Report every line of the data where the string "Heart" appears.

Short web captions
BEGIN

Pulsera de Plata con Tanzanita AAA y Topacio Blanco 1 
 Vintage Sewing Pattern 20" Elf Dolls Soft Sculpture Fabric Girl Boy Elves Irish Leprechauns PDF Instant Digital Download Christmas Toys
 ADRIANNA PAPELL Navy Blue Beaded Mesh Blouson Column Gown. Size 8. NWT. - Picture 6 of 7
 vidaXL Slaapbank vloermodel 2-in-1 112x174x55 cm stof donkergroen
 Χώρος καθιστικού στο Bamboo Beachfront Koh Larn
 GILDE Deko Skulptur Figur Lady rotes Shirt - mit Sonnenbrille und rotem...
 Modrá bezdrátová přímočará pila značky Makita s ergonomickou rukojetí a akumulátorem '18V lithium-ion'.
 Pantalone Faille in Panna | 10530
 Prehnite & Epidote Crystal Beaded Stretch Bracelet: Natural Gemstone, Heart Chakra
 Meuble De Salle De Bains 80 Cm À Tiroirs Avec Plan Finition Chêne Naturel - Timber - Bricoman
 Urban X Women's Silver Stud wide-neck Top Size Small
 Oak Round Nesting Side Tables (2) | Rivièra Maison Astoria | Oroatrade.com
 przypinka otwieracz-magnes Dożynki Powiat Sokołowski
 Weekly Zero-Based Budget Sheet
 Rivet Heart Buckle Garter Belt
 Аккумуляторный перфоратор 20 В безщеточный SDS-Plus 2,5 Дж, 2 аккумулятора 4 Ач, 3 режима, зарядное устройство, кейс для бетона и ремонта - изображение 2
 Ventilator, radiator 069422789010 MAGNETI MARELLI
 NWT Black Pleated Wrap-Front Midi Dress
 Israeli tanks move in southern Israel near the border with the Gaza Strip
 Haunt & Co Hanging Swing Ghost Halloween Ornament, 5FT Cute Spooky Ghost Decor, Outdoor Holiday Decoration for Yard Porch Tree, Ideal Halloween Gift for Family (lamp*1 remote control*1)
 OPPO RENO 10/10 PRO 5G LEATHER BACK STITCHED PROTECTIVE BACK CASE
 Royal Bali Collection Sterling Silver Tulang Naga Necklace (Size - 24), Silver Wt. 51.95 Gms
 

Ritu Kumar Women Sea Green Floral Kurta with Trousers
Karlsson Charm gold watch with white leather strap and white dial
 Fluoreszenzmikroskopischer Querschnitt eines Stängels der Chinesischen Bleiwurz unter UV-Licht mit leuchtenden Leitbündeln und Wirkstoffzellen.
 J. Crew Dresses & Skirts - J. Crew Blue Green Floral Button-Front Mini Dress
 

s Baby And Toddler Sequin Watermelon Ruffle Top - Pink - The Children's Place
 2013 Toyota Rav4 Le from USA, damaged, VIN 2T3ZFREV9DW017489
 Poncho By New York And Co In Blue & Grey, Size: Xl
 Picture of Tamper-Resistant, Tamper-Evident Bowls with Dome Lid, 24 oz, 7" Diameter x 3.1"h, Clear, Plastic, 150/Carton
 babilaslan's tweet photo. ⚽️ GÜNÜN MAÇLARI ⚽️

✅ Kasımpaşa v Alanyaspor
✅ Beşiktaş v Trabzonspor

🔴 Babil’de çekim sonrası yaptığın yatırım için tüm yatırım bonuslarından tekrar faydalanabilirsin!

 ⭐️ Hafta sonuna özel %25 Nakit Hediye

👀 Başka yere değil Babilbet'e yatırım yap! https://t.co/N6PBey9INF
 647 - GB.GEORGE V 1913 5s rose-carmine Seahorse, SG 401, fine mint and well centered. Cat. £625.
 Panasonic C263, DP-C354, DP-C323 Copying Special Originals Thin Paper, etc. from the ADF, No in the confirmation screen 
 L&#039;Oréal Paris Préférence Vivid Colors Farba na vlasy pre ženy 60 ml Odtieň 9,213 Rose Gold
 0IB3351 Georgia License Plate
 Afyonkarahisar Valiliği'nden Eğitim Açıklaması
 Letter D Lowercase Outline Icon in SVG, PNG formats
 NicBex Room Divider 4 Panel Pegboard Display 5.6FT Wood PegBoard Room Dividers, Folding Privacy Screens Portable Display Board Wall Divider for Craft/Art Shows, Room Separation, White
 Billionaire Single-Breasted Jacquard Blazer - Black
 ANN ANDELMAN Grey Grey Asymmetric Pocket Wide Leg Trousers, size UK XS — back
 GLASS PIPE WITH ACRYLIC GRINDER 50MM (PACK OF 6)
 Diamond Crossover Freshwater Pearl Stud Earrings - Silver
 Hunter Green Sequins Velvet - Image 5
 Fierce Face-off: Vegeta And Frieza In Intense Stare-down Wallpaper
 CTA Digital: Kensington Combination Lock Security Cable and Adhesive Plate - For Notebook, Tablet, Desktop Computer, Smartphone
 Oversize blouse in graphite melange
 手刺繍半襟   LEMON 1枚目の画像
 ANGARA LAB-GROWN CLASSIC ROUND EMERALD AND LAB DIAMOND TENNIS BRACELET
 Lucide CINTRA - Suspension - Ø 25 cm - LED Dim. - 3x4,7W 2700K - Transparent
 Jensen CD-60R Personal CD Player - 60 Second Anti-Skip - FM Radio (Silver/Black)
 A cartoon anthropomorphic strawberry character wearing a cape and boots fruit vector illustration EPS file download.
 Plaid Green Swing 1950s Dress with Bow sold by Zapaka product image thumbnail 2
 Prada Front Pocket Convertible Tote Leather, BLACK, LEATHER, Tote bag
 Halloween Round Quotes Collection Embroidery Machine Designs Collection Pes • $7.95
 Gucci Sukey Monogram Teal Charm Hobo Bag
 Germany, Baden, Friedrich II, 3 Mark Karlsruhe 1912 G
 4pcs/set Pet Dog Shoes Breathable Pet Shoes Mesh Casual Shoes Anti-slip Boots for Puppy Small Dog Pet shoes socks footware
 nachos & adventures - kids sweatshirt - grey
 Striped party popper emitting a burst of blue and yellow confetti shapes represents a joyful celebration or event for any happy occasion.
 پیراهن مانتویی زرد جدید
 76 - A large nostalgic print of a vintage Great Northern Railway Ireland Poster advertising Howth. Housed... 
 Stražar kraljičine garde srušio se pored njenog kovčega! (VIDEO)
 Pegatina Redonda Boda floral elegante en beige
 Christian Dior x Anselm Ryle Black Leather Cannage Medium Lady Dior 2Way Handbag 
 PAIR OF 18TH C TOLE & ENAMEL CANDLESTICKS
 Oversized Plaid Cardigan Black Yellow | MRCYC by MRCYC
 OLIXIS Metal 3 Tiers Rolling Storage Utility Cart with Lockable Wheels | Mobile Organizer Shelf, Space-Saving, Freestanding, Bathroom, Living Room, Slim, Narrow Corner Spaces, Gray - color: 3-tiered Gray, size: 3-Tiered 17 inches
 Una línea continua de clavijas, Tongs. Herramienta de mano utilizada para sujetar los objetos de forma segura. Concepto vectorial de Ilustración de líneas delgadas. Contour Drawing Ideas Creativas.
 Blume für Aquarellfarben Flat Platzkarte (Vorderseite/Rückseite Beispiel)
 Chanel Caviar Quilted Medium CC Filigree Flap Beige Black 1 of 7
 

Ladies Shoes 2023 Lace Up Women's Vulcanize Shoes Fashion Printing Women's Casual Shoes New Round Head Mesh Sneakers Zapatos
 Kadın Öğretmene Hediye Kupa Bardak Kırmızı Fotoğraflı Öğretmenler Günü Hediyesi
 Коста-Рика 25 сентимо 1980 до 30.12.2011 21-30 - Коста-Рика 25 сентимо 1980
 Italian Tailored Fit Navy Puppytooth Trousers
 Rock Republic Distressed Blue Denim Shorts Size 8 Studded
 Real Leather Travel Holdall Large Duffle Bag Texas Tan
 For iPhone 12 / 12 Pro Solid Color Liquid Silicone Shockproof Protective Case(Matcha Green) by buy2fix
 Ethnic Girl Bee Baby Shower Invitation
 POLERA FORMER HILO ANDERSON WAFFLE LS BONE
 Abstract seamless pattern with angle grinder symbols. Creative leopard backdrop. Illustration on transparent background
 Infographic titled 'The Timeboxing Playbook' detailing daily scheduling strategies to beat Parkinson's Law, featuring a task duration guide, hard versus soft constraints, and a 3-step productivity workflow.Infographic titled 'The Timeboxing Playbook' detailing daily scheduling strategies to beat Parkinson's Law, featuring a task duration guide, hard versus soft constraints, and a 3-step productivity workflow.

END

Result of the task
 Prehnite & Epidote Crystal Beaded Stretch Bracelet: Natural Gemstone, Heart Chakra
 Rivet Heart Buckle Garter Belt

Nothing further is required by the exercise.